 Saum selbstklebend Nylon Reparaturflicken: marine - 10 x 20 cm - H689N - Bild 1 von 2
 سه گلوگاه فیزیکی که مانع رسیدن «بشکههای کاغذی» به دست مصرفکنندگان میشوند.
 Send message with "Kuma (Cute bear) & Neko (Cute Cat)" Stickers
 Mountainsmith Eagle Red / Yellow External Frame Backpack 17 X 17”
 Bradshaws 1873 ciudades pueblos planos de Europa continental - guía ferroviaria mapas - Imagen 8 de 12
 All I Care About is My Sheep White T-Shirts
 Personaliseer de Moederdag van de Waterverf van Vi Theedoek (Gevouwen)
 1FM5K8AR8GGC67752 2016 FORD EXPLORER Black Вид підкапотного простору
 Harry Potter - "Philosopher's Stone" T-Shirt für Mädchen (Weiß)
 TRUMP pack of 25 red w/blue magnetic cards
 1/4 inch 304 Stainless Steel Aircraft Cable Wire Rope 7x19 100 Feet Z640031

··········

TASK BRIEF
The reply should hold only the lines from the beginning of the listing to the line with "Personaliseer de Moederdag", both ends included, unchanged.

RESULT OF THE TASK
 Saum selbstklebend Nylon Reparaturflicken: marine - 10 x 20 cm - H689N - Bild 1 von 2
 سه گلوگاه فیزیکی که مانع رسیدن «بشکههای کاغذی» به دست مصرفکنندگان میشوند.
 Send message with "Kuma (Cute bear) & Neko (Cute Cat)" Stickers
 Mountainsmith Eagle Red / Yellow External Frame Backpack 17 X 17”
 Bradshaws 1873 ciudades pueblos planos de Europa continental - guía ferroviaria mapas - Imagen 8 de 12
 All I Care About is My Sheep White T-Shirts
 Personaliseer de Moederdag van de Waterverf van Vi Theedoek (Gevouwen)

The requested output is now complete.